Edgeworth expansions for slow-fast systems with finite time scale separation

TL;DR

This paper develops Edgeworth expansions to improve the approximation of slow-fast systems' behavior beyond the classical Gaussian limit, using a semi-group formalism and diagrammatic methods to account for finite time scale separation.

Contribution

It introduces a novel semi-group and diagrammatic approach to derive higher-order corrections for slow-fast systems with finite time scale separation.

Findings

Explicit formulas for first two correction orders

Numerical simulations confirm analytical predictions

Method improves classical homogenization results

Abstract

We derive Edgeworth expansions that describe corrections to the Gaussian limiting behaviour of slow-fast systems. The Edgeworth expansion is achieved using a semi-group formalism for the transfer operator, where a Duhamel-Dyson series is used to asymptotically determine the corrections at any desired order of the time scale parameter $\varepsilon$. The corrections involve integrals over higher-order auto-correlation functions.
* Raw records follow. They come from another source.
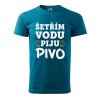 Pánské tričko s potiskem Šetřím vodu (Barva trička (muži) NOVÉ Apple green, Velikost - všechny NOVÉ 2XL)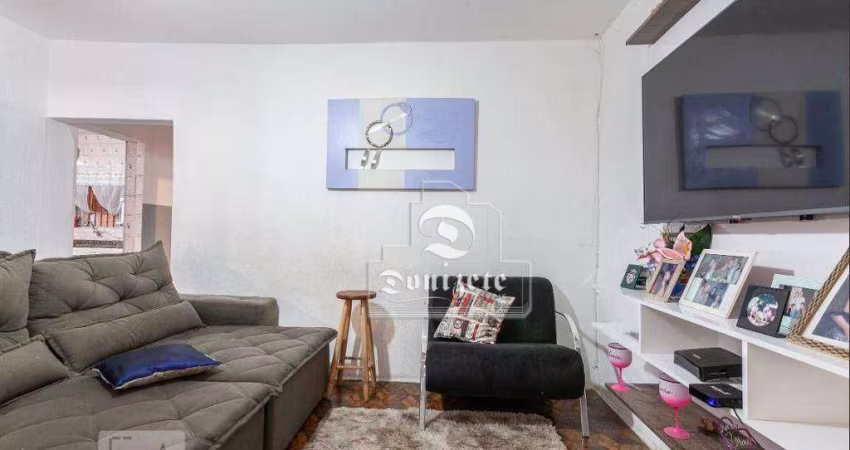 Casa, 171 m² - venda por R$ 690.000,00 ou aluguel por R$ 3.120,00/mês - Jardim Monções - Santo André/SP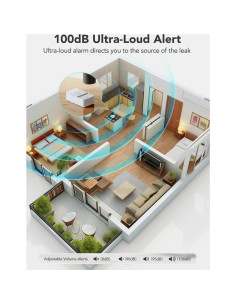 Detectores de Fugas de Agua GoveeLife Paquete de 5 100dB 2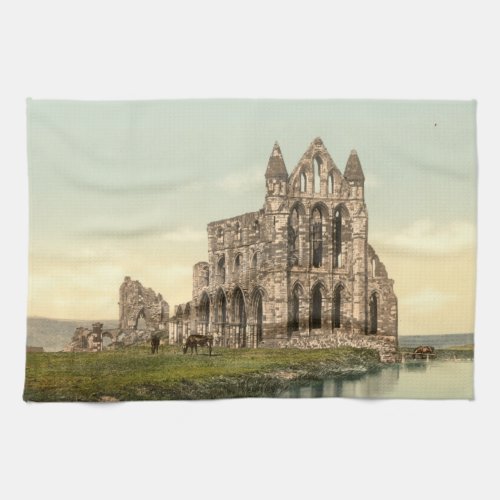Whitby Abbey II Whitby Yorkshire England Kitchen Towel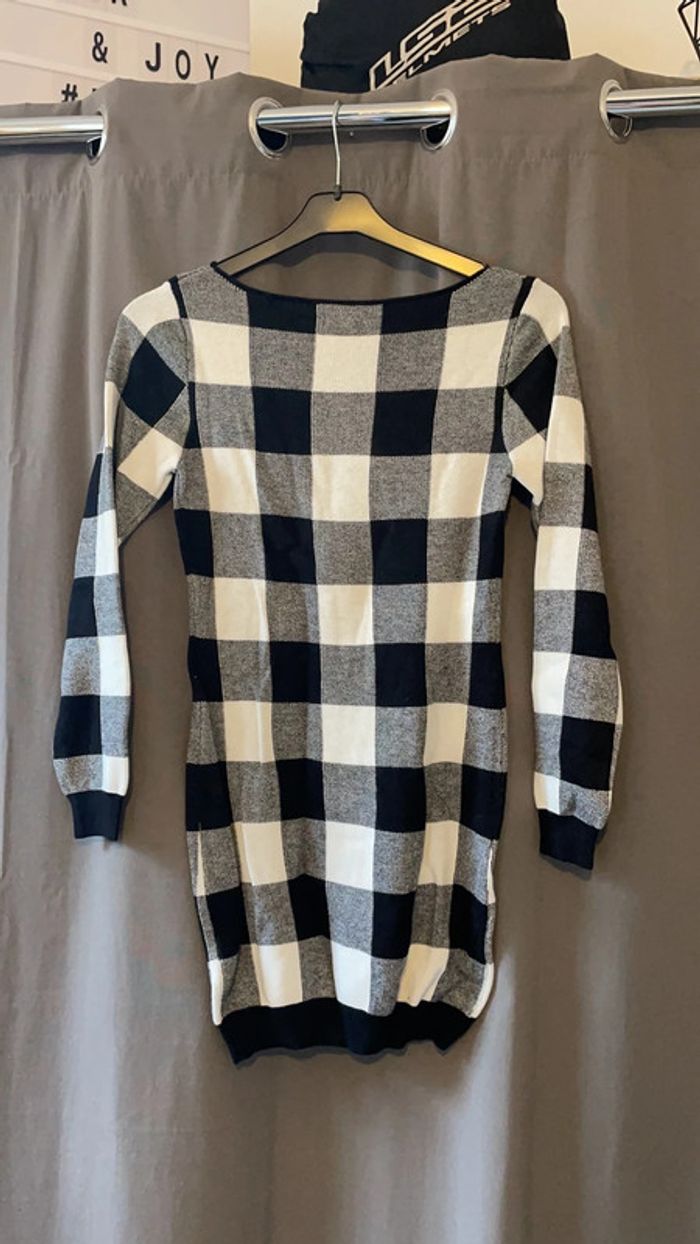 Robe à carreaux noir et blanc - photo numéro 3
We develop a diagrammatic representation of the series to control the combinatorial wealth of the asymptotic expansion in $\varepsilon$ and provide explicit expressions for the first two orders. At a formal level, the expressions derived are valid in the case when the fast dynamics is stochastic as well as when the fast dynamics is entirely deterministic. We corroborate our analytical results with numerical simulations and show that our method provides an improvement on the classical homogenization limit which is restricted to the limit of infinite time scale separation.